# Duck Boat Lights



## NCK (Jan 5, 2010)

Need some "headlights" for the duck boat. Any recommendations?

Much thanks.


----------



## Gaducker (Jan 5, 2010)

I got them cheap 50 watters from walmart and put 100 watt bulbs in em.  Got 4 of em on the bow.  rectangular shaped with the little plastic grid protector on the lens. Had to cut the grids off cause they were melting.


----------



## quacksmacker03 (Jan 5, 2010)

I just mounted 2 100 watt round off road lights plus 2 rectangular 55 watt lights. It will outshine a q beam anyday to me.


----------



## GSURugger (Jan 5, 2010)

two 55watt hella lights, and a 12$ walmart floodlight in the middle.


----------



## rockwalker (Jan 5, 2010)

That duck boat up there that Gaducker has will flat light up the world. Those guys hunted with us in last Sunday and when they came our way buddy they flat lit up the world! That is one nice rig!!!!!


----------



## S_GA_Boy2008 (Jan 5, 2010)

may have the same as GADucker...got 2 baja's from walmart on mine. Haven't tried them out yet on the water but they seemed pretty nice when I tested them. May be taking the plastic overing off mine...


----------



## Gaducker (Jan 5, 2010)

S_GA_Boy2008 said:


> may have the same as GADucker...got 2 baja's from walmart on mine. Haven't tried them out yet on the water but they seemed pretty nice when I tested them. May be taking the plastic overing off mine...

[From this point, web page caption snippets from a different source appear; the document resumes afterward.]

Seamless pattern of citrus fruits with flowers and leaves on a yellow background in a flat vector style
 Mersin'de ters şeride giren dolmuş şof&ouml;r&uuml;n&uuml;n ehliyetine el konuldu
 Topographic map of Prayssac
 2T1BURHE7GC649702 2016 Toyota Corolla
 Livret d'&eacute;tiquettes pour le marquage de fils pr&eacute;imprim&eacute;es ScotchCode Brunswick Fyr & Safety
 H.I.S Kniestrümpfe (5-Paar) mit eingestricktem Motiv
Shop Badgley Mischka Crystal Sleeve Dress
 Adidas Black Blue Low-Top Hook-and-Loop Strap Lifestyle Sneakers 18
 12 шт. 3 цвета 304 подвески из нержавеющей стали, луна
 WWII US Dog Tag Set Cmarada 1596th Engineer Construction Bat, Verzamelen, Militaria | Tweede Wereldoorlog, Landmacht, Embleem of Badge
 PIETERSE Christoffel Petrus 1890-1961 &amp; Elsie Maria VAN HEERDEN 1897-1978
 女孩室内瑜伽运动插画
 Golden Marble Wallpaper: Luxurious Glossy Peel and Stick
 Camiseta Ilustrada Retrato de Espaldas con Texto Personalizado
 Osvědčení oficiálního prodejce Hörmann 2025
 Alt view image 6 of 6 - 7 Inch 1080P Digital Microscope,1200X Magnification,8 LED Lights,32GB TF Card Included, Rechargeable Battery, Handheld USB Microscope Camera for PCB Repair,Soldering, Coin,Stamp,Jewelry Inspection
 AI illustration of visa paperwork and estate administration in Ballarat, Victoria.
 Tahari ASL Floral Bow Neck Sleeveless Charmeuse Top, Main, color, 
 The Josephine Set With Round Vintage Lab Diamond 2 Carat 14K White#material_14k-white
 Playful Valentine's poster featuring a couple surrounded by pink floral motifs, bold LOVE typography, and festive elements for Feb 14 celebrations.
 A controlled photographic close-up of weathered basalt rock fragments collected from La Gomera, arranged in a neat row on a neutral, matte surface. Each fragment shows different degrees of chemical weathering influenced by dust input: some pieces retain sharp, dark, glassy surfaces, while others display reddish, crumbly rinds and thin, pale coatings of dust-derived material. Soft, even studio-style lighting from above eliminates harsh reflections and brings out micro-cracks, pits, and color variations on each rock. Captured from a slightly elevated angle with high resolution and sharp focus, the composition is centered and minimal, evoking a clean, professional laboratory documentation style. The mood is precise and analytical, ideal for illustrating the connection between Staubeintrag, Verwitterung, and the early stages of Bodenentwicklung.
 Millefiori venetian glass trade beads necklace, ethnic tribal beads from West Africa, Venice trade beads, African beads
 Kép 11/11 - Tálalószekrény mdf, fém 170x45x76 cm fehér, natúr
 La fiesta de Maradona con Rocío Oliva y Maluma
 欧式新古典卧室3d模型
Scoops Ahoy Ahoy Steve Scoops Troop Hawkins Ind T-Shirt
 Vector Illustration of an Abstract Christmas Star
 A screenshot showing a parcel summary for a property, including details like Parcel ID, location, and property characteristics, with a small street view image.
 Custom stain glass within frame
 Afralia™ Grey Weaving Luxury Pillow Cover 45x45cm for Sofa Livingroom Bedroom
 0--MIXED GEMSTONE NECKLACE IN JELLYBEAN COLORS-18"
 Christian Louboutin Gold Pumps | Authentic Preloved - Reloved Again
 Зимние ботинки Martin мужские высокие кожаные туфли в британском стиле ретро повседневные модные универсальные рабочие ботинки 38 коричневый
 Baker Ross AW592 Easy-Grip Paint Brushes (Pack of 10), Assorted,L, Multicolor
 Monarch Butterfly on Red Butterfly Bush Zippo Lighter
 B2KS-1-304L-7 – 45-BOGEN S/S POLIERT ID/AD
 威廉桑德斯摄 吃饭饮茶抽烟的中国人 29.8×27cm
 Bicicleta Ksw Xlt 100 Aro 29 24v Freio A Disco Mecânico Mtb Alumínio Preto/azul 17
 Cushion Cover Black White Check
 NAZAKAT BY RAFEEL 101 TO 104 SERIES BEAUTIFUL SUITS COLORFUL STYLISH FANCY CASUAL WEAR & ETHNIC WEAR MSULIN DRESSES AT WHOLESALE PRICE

Yes thats what they are, couldnt think of the name, Get you some 100 watt bulbs from the parts store for a few bucks and they are as bright as a kc daylighter. and the bulbs have lasted 3yrs so far.


----------



## quacksmacker03 (Jan 10, 2010)

Here is a pic of what mine looks like.


----------



## S_GA_Boy2008 (Jan 10, 2010)

Dude I bet that def. gets the job done   The light covers look great.


----------



## drake2215 (Jan 10, 2010)

quacksmacker03 said:


> Here is a pic of what mine looks like.



Those girls for sure did the trick, yall had any luck lately?


----------



## quacksmacker03 (Jan 14, 2010)

drake2215 said:


> Those girls for sure did the trick, yall had any luck lately?



Not since you left. Went that Sunday and didnt see one bird.


----------